Dawid Banaczek: W drużynie nie ma przygnębienia

Dotychczasowy asystent Thomasa von Heesena - Dawid Banaczek w niedzielę po raz pierwszy poprowadzi Lechię, której jest wychowankiem. Przed nim bardzo trudne zadanie, gdyż Biało-Zieloni przegrali pięć meczów z rzędu.

Aktualnie Dawid Banaczek jest tymczasowym trenerem Lechii Gdańsk. - Poprowadzę drużynę w niedzielnym meczu ze Śląskiem Wrocław. Dostałem informację, że mam być trenerem do przerwy zimowej. Jak będzie później, okaże się. Nie chcę zdradzać mojej wizji. Jak będziemy grali tak, jak z Lechem i Pogonią, to powinno być dobrze. Brakuje tylko bramek. W drużynie nie ma przygnębienia, tylko mobilizacja i koncentracja. Treningi wyglądają perfekcyjnie - powiedział szkoleniowiec, który jeszcze nigdy nie prowadził zespołu z Ekstraklasy w charakterze pierwszego trenera.

Trzech piłkarzy Lechii ma problemy zdrowotne. Piotr Wiśniewski narzeka na ból zęba. Drobne urazy mają Jakub Wawrzyniak i Neven Marković. Do łask może wrócić natomiast Milos Krasić. - To zawodnik z niesamowitym potencjałem. Nie ma co dyskutować o jego przeszłości. W tym tygodniu wyglądał rewelacyjnie na treningu. Mam nadzieję, że pomoże nam w meczu ze Śląskiem - zdradził Banaczek.

Rywal Lechii - Śląsk Wrocław, również dołuje. - Oczywiście jak przed każdym spotkaniem dokonaliśmy analizy przeciwnika. Wychodzę jednak z założenia, że trzeba koncentrować się przede wszystkim na własnym zespole. Chcę skupić się na istotnych rzeczach dotyczących spraw piłkarskich. Do meczu jest bardzo mało czasu. Na indywidualne rozmowy przyjdzie czas w następnym tygodniu. Będę starał się wyczuć jakich zmian oczekują chłopacy - powiedział Dawid Banaczek.

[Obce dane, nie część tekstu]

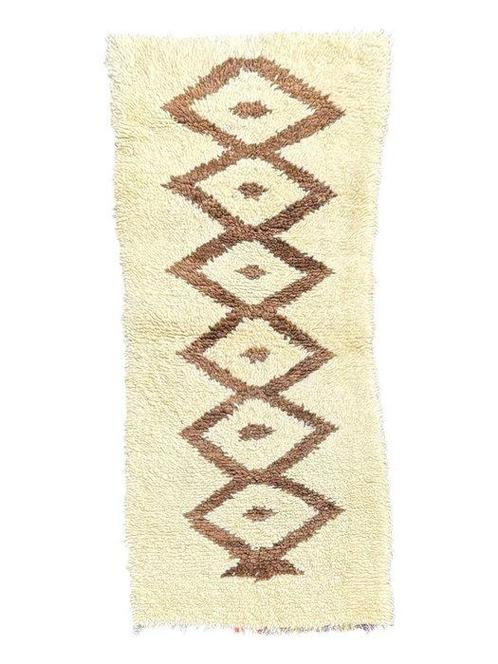 Berber, Marokkaanse Beni Ourain tapijt 90x200 cm -, Huis en Inrichting, Stoffering | Tapijten en Vloerkleden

Tymczasowy trener Lechii Gdańsk na boisku zebrał wiele doświadczeń. Grał w sześciu krajach, a karierę trenerską zaczął w 2012 roku jako trener młodzieży w swoim macierzystym klubie. W sezonie 2013/14 prowadził Kaszubię Kościerzyna. - Nie traktuję tego jako szansy na wybicie się. Chcę się skoncentrować na tym, by przygotować drużynę. Co będzie później, jest mniej istotne i nad tym będziemy się zastanawiali za kilka tygodni. Zależy mi na dobrym poczuciu zawodników i dobrej grze. Jestem wychowankiem Lechii. Grałem tu 12 lat i czuję się związany z klubem. To dla mnie dodatkowa motywacja i chcę wyciągnąć Lechię do góry - stwierdził.